An elaborate park system is in course of development, which will ultimately surround the city with parks and connecting boulevards. The principal park is Rock Creek Park, to the north of the city, containing two thousand acres extending along both sides of Rock Creek. Its natural beauties are very great. On Mt. St. Alban, near Woodley, to the northwest of Georgetown, is the Peace Cross, a large Celtic cross erected at the close of the war with Spain (1898) on the grounds of the new Episcopal Cathedral, of which the cornerstone was laid in 1907. It affords a fine view of Washington. On the Chevy Chase Road, to the northwest of the Zoölogical Park, are the National Bureau of Standards and the Geophysical Laboratory of the Carnegie Institution, the administration building of which latter is in Sixteenth Street.
South of Rock Creek Park, on Rock Creek, lies the National Zoölogical Park of one hundred and seventy acres, reached from Washington in a half hour.

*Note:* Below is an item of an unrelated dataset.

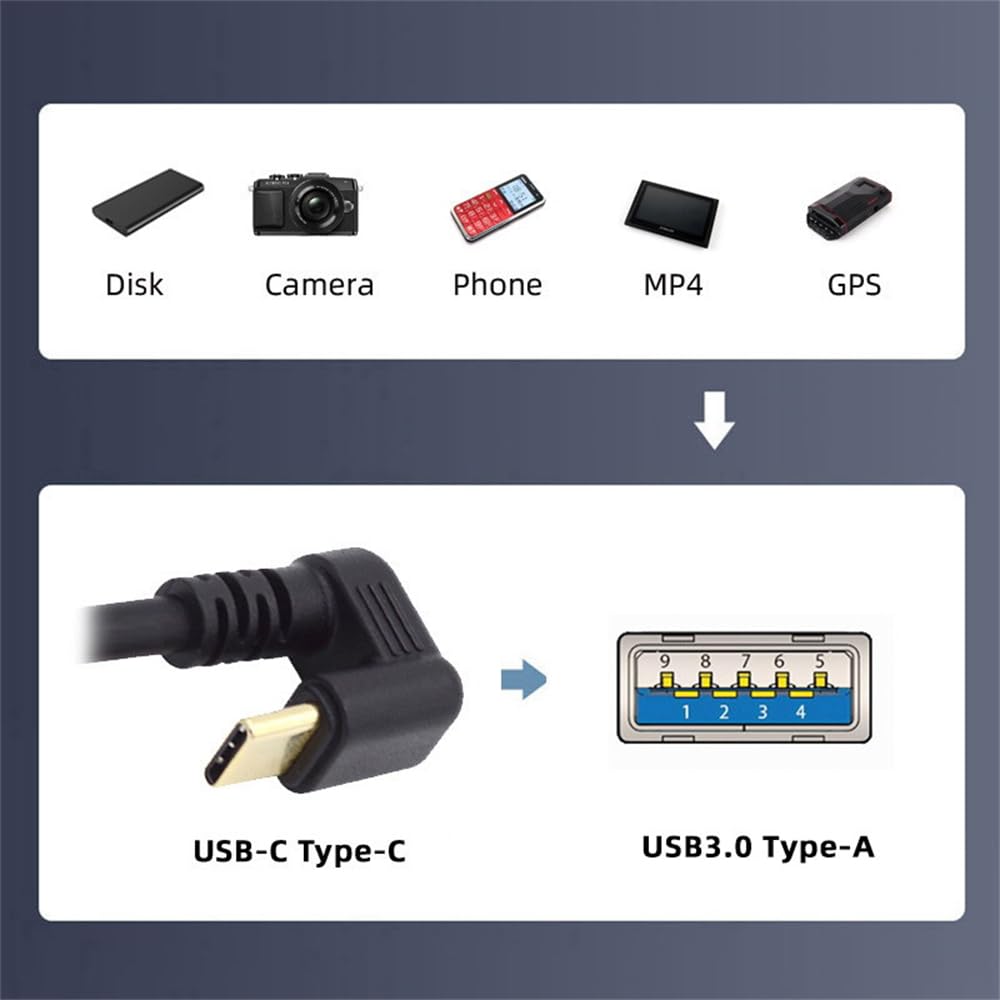 xiwai to Type C Male to Male USB Power and Data Opposite Back for and Mobile Phones Left-Angled Type-A USB-C 3.0 Cable, 480Mbps, Black, U-Shaped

On a commanding site overlooking Rock Creek, north of Georgetown, in handsome grounds, is the United States Naval Observatory, of white marble, with its twenty-six-inch equatorial telescope.
Scattered throughout the city are numerous squares, circles, and small parks, nearly all of which contain statues.
Of bronze statues erected in honor of famous men, Washington has an abundance—mainly to military characters. Equestrian statues of Washington, Jackson, Greene, Scott, Thomas, and McPherson are erected, besides full-length statues of Lafayette, Luther, Franklin, Chief Justice Marshall, Lincoln, Garfield, Professor Henry Farragut, General Rawlins, and Admiral Dupont.
ARLINGTON HOUSE, HOME OF GENERAL ROBERT E. LEE
At Arlington, across the river from Washington, on commanding heights, is the National Cemetery containing the graves of about sixteen thousand soldiers. Arlington House, in the middle of the grounds, two hundred feet above the river, was once the residence of George Washington Parke Custis (step-grandson of Washington) and afterwards of General Robert Lee, who married Miss Custis. Near the house are the graves of General Sheridan, Admiral Porter, General Lawton, General Wheeler, and other distinguished officers.
To the south is a tomb containing the remains of two thousand one hundred and eleven unknown soldiers. The sailors destroyed by the blowing up of the “Maine” in 1898 and other victims [627] of the war with Spain are buried in the southern part of the cemetery.
The cornerstone of a splendid military memorial or Hall of Fame was laid here in 1916, to be erected in classic style, of marble, and to cost several millions of dollars.